The following year, when I went to collect the results after sitting my AS Levels, I kind of saw it coming because I know how much if a struggle and how turbulent my first year of sixth form was, but it was still hard-hitting. (I got E’s in all my subjects by the way.)

My parents’ reaction never helped either as it was if I had murdered someone or done something completely irredeemable. All of a sudden, it all got on top of me and I ended up feeling extremely suicidal and considered talking my own life. After I had a meeting with the then-headteacher about it and she was very reassuring.

I realised that the main downfalls were being completely ill-equipped for A-Levels, lack of confidence and self-belief, low self-esteem and lots of personal issues. As well as being belittled by a couple of my teachers in sixth form.

A year later, when I went to collect my A-Level results, I remember walking in feeling really apprehensive about it. I opened the envelope and when I saw the results, my heart sank as I found out I dropped a grade in a couple of the subjects that I’d taken, meaning there was the possibility I hadn’t gotten into my chosen university.

But as soon as I logged into UCAS, I found out that I actually did get a place at university and within a matter of seconds, I didn’t give a shit about my results anymore and forgot about them just like that. My exam results no longer mattered as I was finally able to have a new beginning…

As I’ve gotten older and have had a chance to look back and reflect, I wanted to let you know why you shouldn’t worry about your exam results or let them define you.

There’s a part of me who looks back now wishing I hadn’t invested so much time and energy into studying and did lots more travelling, having incredible experiences and focused on finding my own identity and making sure I was better equipped for the real world.

I know that it’ll fill some people with rage and will raise lots of eyebrows, but I can’t help but strongly agree with what’s being said in this video.

So here’s why you shouldn’t worry about your exam results…

1. In years to come, they won’t matter for shit….

As you start applying for jobs, going out into the workplace and getting experience within the workplace environment, your grades and academic qualifications will decrease in value.

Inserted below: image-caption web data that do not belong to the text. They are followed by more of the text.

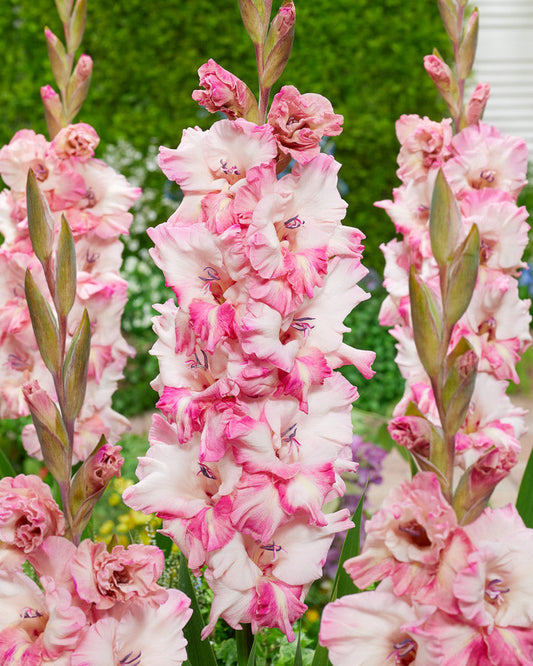 Gladiolus Cherry Candy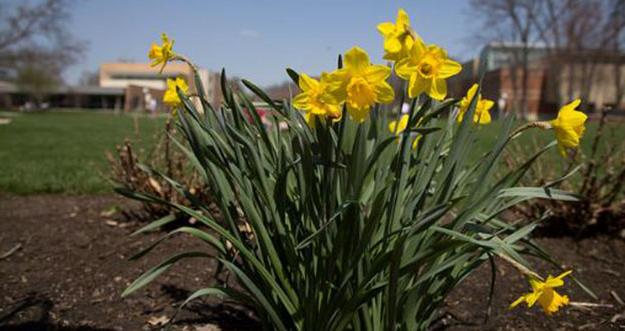 Spring on campus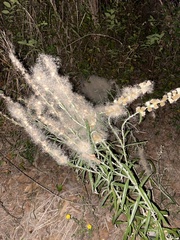 Pterocaulon virgatum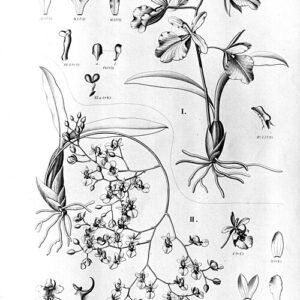 Vibrant gele en oranje Gomesa longicornu orchidee met lange kelkbladen.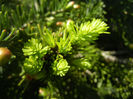 Abies nordmanniana (2014, April 26)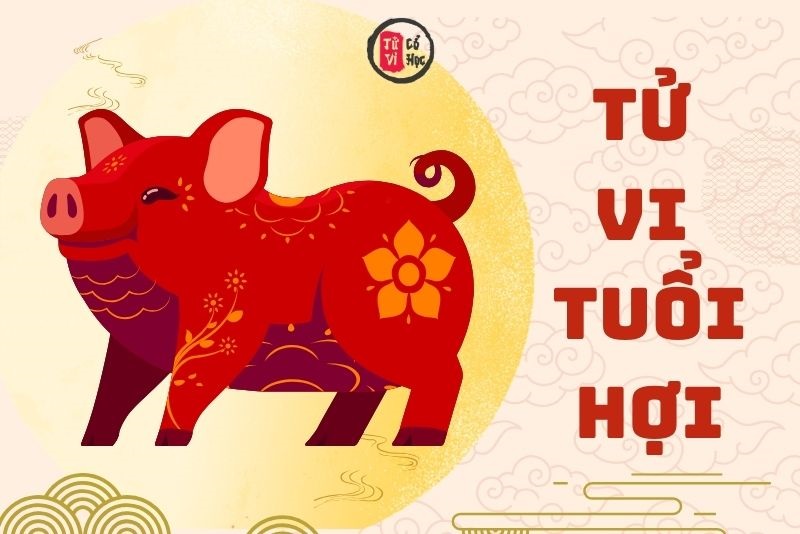 Xem bói tử vi tuổi Hợi | Tử Vi Cổ Học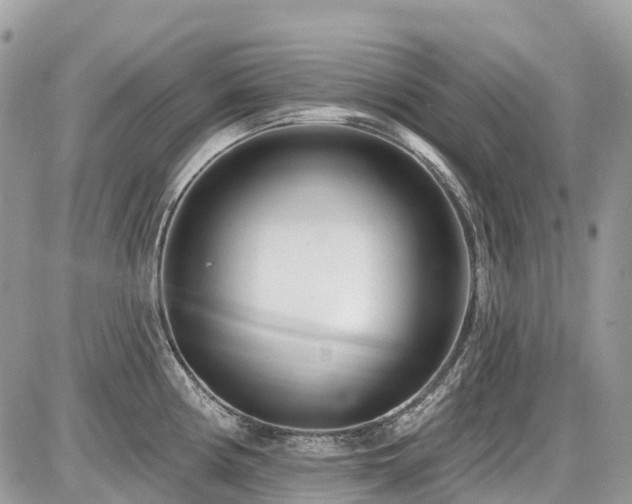 X0000086781194200704131206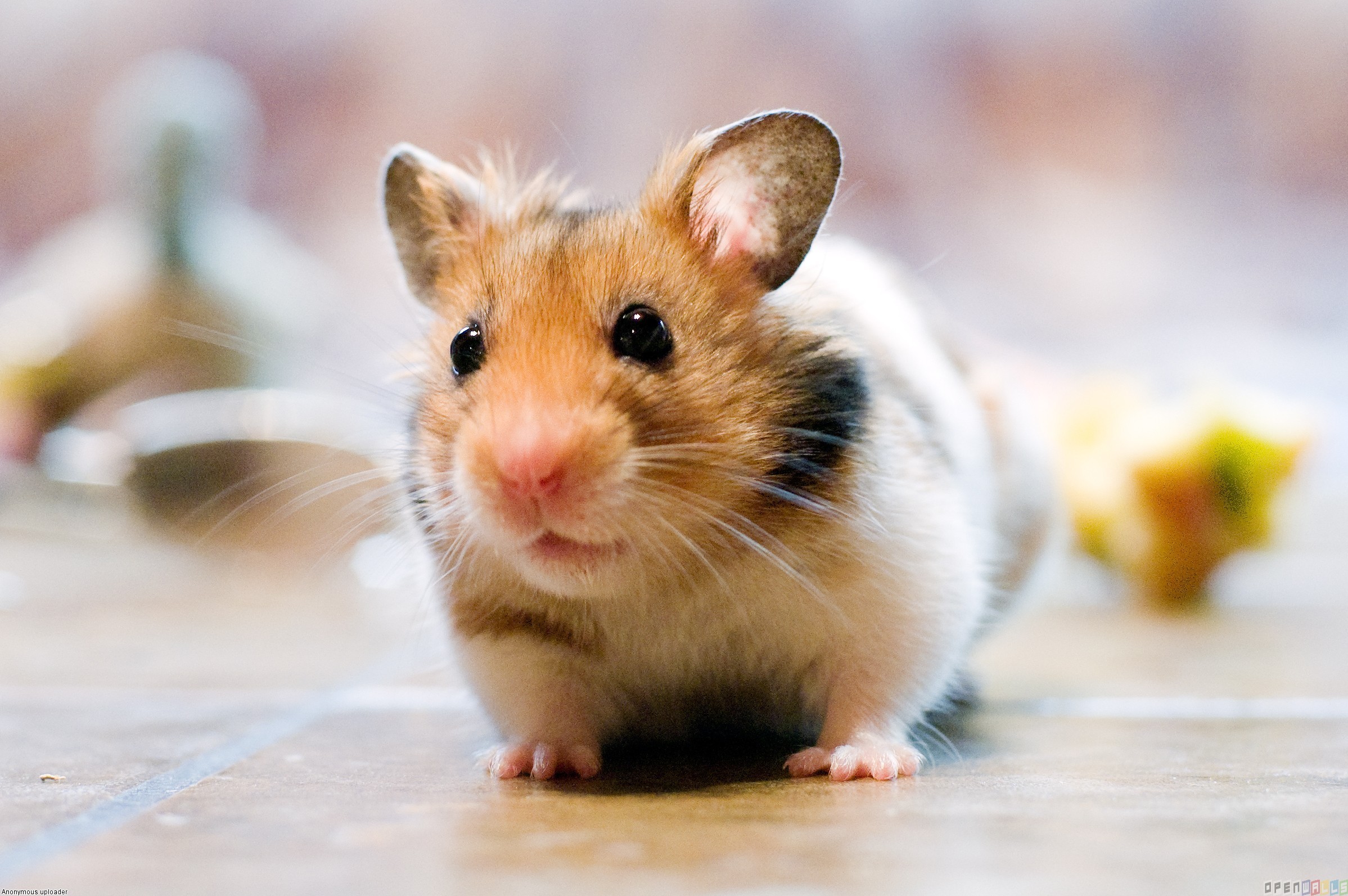 Cute Hamster Wallpaper Open Walls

Instead, you have to think about how saturated and competitive the job market is and figure out what’ll make YOU stand out from numerous job applicants going for the same role. Because one things for sure, your exam results will be inadequate. When you go into job interviews, employers will be more interested in what you’ve learnt outside the classroom and exam halls and how that makes you a strong candidate for the job role you’ve applied for.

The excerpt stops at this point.